Наш полк заступил в караулы у государя. Он построился в боевом порядке на площади Революции, и в ожидании прибытия его величества играла наша музыка. Знаменитый гимн Генриха IV[251] произвел очень сильное впечатление на зевак, собравшихся, как водится, вокруг нас; уже появились у многих белые перевязки на левой руке, как у нас; в то время, когда оба монарха показались перед нашими шеренгами, восторг толпы усилился, и те же самые крики, что и накануне, раздались снова. Мы прошли церемониальным маршем, 1-й батальон направился в отель «Талейран», а два остальных – на Елисейские поля; третий стал бивуаком с правой стороны, а второй – с левой. В этот раз пообедали на славу, и, не рискуя очень отдаляться от наших позиций, мы не могли бродить по улицам. Вечером, однако, мне удалось немного прогуляться в Пале-Рояль.[252]
21 марта. Суббота.
Наш полк поднялся рано. Офицерам отвели квартиры в городе, а солдатам – императорские казармы на набережной Мальакуар. Мне отвели квартиру на улице Круа-де-Пети-Шав у г-на Бурдэ.

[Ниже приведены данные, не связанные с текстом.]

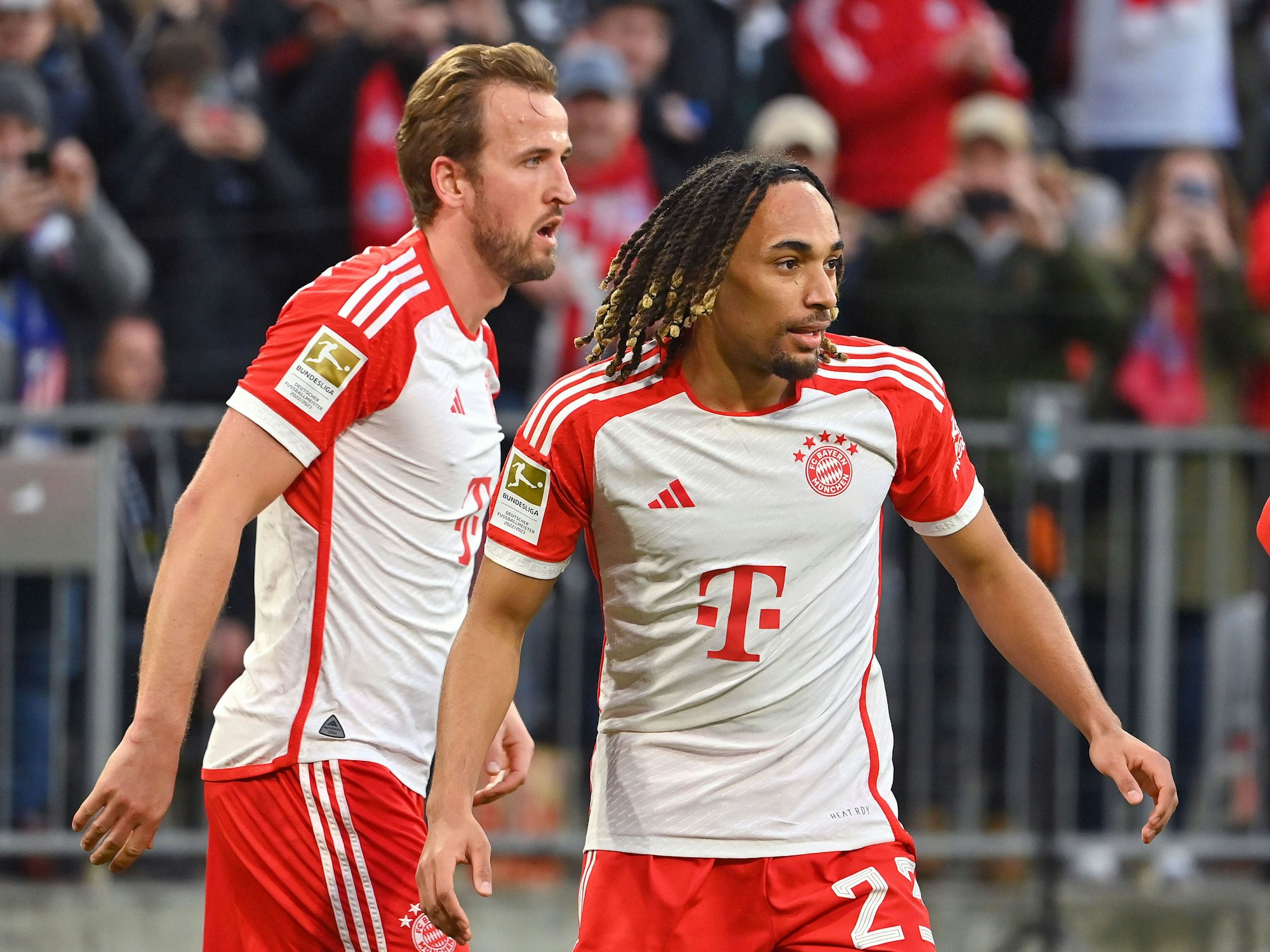 Sacha Boey (rechts) neben seinem Teamkollegen bei den Bayern Harry Kane.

Воспользовавшись этим первым свободным днем, я отправился смотреть Отель инвалидов.[253]
Я осмотрел новый мост, Триумфальную арку,[254] отделяющую Тюильрийский дворец со стороны площади Карусель и церковь Нотр-Дам.
Временное правительство провозгласило низвержение Наполеона и подданных его Бурбонов.[255]
22 марта. Воскресенье.
Я отправился осмотреть Пантеон,[256] здание, которое Наполеон не успел закончить; уже видны под сводами, составляющими основание, гробницы Вольтера, Руссо[257] и других знаменитых людей Франции. Новый Пантеон очень близко расположен от Сен-Женевьев, самой древней церкви в Париже, построенной в царствование короля Клодвига.[258] Затем я отправился в Ботанический сад; здесь я видел зверинец, в котором содержатся почти все породы известных животных. Я не мог видеть зоологический кабинет, так как он обыкновенно бывает открыт только три раза в неделю.
Выйдя из Ботанического сада, я прошел через Аустерлицкий мост и, следуя все время бульварами, таким образом, обошел весь город. Эта большая прогулка меня нисколько не утомила. Я еще гулял некоторое время в Тюильрийском саду, где было много народа, и к 6 часам вечера возвратился домой обедать с моими хозяевами, предупредительностью которых по отношению ко мне я не могу нахвалиться. Семья их состояла из старухи-матери г-жи Бурдэ, она занимала второй этаж и сходила очень редко, из г-на и г-жи Бертен, их детей – Алексея, Генриха и дочери Адели – и, наконец, брата г-на Бертена Александра Бертена, которые продолжительное время были в эмиграции в Германии.
Сейчас же после обеда я ушел из гостиной, чтобы идти во Французский театр.[259] Обе комедии разыграны в совершенстве. Государь присутствовал на спектакле и, выражая одобрение исполнителям, вынуждал публику аплодировать, на что Париж так восприимчив. Особенно бурные и единодушные аплодисменты раздались в антракте, когда на спущенном занавесе появился древний французский герб – цветы лилии,[260] нарисованные на листе бумаги.
«Да здравствует Александр, наш избавитель! Да здравствует король!» – раздалось тогда со всех сторон, и шляпы с белыми кокардами вошли в моду. Сенат, хранитель прав, объявил официально, что он больше не признает Наполеона.